I due rami dell’esedra hanno un raccordo col terreno che viene definito “sedile”, immaginando che lì si sedesse chi assisteva alle cerimonie funebri. Ho provato a sedermi: come sedile è decisamente scomodo e dopo un po’ fanno male le parti molli: forse i nostri progenitori erano così diversi?

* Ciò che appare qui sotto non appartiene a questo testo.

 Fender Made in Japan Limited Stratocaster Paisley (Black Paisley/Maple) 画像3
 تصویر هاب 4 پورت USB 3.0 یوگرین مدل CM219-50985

L’apparecchio murario della “piccola”, pur appartenendo alla tecnica muraria nuragica e ciclopica, ha particolare cura nella chiusura delle connessioni di sovrapposizione dei conci, quasi a voler ricreare la lastra liscia e continua, di dolmenica memoria. E’ forse un anello di passaggio fra dolmenico e nuragico? Il pavimento della “grande” è di terra battuta, o ci sono lastre? Che reperti sono venuti alla luce? Che frequentazione temporale hanno avute le Tombe? Si può sapere di più sui betili che si infilavano nei dentelli del concio? Ecc., ecc. Certo pretendere da uno scavo tante risposte sarebbe velleitario. Ma nemmeno il silenzio mi pare giustificato. 

Se si vuole valorizzare un sito - e questa è l’intenzione dell’Amministrazione di Bultei - è necessario avviare un processo di conoscenza ed un confronto serrato: solo in questo modo si potranno far parlare le pietre di Sas Presones e Su Coveccu, che altrimenti resteranno mute e nulla diranno ai visitatori e studiosi. 

Saranno, come sono stati fin’ora, mucchi di pietre. 

Sono però convinto che parleranno, ma prima dobbiamo convincerci che fare l’archeologo non è un mestiere: è una missione.